If the spider runs from your hand or seem defensive attitude or skittish it, is better left alone. If you do pick up the spider always, keep it close above some solid surface, such as a table top or carpet, and be mindful that a puff of air or unexpected knock can startle the creature. A fall of only a few inches might result in injury to your spider. Ask the salesclerk to exhibit the proper way to pick up and hold your spider if you intend to handle it. Always recall that tarantula species differ in their temperaments, and some species are more defensive than others.

No live tarantula of any form can be guaranteed not to bite. Several tarantula species can kick defensive attitude hairs off the top of the abdomen. If you are sensitive to these hairs, you will usually feel a slight itchiness. It is always a good idea to rinse your hands and arms afterward treatment your tarantula, and to not rub your eyes until you’ve done so. Some species cause more itching than others, and individual reactions vary from person to person.

It is also not unusual for a tarantula to have a bald spot on its abdomen; the lost hairs will be replaced at the next shed like altogether other arthropods, tarantulas shed their exoskeleton periodically. The tarantula generally stops feeding for a workweek or more and, and then ordinarily turns o’er on its back. The old exoskeleton splits and, the spider works it off and then flips upright. Finally, the new exoskeleton enlarges and hardens.

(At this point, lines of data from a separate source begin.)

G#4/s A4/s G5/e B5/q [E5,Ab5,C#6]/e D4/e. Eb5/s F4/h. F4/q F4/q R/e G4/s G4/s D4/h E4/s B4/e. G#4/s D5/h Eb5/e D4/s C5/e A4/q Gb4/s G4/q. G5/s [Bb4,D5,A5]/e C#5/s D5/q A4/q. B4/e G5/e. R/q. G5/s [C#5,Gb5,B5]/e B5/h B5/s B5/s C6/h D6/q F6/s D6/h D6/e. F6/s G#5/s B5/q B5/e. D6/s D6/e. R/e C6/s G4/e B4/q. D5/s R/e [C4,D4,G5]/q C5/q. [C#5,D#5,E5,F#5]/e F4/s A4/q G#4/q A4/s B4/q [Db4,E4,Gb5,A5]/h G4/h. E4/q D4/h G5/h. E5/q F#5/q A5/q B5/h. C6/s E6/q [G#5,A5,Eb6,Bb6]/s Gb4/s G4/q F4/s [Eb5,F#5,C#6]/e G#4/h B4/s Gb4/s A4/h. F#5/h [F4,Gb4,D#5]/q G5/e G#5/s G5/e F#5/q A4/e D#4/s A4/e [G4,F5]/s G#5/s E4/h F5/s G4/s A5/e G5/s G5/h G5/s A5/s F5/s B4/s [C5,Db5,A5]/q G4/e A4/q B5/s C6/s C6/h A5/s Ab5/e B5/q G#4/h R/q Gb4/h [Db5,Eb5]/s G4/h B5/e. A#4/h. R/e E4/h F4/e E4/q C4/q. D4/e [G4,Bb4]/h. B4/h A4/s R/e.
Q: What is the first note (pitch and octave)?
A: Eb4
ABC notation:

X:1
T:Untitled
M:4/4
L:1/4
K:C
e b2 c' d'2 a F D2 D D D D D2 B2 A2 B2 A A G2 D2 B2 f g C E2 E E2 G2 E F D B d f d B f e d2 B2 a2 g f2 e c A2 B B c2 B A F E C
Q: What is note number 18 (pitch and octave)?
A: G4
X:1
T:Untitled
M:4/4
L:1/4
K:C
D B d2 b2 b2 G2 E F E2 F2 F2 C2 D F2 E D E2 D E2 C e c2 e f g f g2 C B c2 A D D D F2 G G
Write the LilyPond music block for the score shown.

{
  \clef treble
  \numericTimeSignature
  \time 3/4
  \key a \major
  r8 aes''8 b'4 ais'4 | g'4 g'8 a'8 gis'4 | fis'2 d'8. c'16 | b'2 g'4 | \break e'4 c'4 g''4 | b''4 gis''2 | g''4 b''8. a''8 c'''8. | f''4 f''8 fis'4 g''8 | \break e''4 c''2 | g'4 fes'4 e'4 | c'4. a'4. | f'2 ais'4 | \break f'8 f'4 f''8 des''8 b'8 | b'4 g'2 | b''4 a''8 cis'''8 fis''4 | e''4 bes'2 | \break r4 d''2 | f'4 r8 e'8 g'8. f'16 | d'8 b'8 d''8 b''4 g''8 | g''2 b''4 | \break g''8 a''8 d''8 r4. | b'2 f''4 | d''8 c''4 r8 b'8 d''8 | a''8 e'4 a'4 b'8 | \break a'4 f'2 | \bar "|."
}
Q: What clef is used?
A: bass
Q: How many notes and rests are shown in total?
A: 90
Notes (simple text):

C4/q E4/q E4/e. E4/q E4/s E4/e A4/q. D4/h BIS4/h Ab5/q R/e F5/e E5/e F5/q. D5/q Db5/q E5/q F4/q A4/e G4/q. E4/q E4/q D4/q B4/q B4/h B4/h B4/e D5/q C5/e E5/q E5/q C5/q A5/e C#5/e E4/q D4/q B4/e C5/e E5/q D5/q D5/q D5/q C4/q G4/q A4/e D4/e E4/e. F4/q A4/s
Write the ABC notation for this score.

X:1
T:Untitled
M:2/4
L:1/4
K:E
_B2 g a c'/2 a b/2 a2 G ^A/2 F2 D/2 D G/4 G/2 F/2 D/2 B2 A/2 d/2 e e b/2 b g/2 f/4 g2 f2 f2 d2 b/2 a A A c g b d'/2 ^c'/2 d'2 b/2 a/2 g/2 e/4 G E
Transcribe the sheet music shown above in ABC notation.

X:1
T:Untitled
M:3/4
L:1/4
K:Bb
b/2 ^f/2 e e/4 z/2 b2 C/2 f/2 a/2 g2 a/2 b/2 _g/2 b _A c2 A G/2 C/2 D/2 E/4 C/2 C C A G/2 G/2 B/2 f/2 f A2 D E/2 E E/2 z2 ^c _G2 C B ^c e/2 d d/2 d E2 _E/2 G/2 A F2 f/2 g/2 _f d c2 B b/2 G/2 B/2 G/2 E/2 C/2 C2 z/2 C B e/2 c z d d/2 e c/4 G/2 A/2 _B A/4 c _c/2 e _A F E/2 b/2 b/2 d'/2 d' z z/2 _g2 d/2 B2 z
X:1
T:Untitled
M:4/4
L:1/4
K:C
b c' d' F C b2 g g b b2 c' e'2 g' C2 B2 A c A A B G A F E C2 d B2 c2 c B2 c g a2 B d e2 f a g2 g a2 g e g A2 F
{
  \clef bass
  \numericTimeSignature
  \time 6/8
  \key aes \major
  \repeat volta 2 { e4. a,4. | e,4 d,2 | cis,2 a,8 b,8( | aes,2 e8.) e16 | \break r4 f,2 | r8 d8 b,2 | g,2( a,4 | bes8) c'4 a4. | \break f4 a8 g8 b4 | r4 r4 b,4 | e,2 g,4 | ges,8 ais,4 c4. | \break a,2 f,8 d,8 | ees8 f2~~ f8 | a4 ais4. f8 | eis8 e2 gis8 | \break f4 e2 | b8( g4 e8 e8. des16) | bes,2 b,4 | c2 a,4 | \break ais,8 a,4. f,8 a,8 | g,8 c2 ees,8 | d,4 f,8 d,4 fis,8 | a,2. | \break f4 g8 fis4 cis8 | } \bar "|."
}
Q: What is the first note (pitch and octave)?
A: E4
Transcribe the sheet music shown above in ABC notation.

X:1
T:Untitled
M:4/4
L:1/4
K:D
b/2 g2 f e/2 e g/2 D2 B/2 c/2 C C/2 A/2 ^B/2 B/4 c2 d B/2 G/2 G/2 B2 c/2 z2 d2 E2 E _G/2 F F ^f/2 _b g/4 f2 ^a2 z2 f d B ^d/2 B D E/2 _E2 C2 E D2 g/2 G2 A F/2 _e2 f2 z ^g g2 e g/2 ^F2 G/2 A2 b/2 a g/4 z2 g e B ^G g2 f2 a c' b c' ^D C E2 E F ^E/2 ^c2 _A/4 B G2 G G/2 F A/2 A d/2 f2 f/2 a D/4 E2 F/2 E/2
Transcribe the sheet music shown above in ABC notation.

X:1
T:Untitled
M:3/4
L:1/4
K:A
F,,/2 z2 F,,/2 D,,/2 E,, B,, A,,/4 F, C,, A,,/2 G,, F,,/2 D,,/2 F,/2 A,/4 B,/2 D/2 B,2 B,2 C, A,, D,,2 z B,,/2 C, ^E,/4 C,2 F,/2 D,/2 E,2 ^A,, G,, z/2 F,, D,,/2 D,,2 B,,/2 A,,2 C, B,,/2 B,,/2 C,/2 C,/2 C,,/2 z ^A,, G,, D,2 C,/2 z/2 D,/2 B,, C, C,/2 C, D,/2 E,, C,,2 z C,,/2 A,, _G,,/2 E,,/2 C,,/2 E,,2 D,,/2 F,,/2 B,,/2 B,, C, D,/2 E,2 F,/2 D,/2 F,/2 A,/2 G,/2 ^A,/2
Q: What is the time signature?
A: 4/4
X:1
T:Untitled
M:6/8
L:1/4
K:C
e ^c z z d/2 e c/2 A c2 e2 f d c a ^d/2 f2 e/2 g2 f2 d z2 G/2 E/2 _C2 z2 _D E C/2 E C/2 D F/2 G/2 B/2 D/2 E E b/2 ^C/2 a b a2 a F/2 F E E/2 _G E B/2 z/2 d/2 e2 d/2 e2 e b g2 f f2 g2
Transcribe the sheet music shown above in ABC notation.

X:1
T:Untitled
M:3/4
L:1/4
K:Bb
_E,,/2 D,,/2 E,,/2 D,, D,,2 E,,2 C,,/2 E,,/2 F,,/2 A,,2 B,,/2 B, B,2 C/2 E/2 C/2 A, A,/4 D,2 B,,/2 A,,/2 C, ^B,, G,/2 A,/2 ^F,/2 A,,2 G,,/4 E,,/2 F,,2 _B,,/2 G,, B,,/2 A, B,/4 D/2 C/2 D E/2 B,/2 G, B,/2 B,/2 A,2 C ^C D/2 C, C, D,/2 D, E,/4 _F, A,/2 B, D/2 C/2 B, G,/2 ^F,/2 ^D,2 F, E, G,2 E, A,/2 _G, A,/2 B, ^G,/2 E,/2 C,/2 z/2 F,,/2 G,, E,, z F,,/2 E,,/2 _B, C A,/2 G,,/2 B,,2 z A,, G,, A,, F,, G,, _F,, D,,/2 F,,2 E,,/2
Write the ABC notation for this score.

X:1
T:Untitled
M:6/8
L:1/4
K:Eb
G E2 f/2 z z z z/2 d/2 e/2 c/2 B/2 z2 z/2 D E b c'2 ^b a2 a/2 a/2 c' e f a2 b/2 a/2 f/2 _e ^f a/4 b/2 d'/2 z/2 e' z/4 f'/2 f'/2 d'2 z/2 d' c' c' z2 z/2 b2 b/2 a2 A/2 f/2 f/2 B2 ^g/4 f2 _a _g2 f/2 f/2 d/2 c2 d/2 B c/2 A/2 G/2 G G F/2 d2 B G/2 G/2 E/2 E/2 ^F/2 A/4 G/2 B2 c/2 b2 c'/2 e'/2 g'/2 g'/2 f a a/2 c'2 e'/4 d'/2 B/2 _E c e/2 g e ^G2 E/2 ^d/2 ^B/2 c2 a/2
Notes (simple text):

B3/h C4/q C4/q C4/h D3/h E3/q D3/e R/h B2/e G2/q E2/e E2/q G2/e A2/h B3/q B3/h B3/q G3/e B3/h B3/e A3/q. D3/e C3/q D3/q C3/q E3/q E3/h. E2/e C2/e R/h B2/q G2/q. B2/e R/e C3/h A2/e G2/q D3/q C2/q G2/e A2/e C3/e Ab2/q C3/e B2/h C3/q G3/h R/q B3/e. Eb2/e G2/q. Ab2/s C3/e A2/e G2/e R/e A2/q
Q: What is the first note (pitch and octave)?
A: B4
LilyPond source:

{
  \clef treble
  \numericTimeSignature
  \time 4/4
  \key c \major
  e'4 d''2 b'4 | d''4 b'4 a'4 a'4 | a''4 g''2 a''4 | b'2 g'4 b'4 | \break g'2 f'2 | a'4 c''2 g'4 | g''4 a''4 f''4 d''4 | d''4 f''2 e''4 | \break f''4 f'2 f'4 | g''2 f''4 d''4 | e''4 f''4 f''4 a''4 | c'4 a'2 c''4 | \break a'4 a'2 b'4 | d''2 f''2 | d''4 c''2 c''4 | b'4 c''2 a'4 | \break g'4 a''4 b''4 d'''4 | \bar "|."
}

It will be several days before this last part is complete, and the spider does not eat, nor should it be handled, during this time. So, if you happen to see your tarantula laying upside down, DON’T touch it – tarantulas do not die naturally on their backs. To help insure a successful molt remove any live food, mist the substrate with water to increase humidity a bit, and make sure the H2O dish is full From the outside, the sex of a tarantula can not always be determined with sure thing unless the animal is an adult or nearly an adult. Males are generally more slender than females, and have longer legs and smaller abdomens Adult.

Male tarantulas of often species possess a distinct hook on the bottom of the 3rd segment (from the tip) of each front walking leg. Females never have these hooks. As well, adult males possess mating structures at the ends of the arm-like appendages (the pedipalps) at the front of the spider. If your tarantula is an adult male the ends of these appendages appear a little bit swollen. The pedipalp ends of immature males, and of females of any age, look like the ends of the walking legs.

Lastly, mature and almost mature females have a “cliff” on the bottom of the abdomen, near its base. Female tarantulas can live 20 years or more but; males usually die within a year and a half after turn adults. Longevity depends, of course, on the species as well as how it is kept.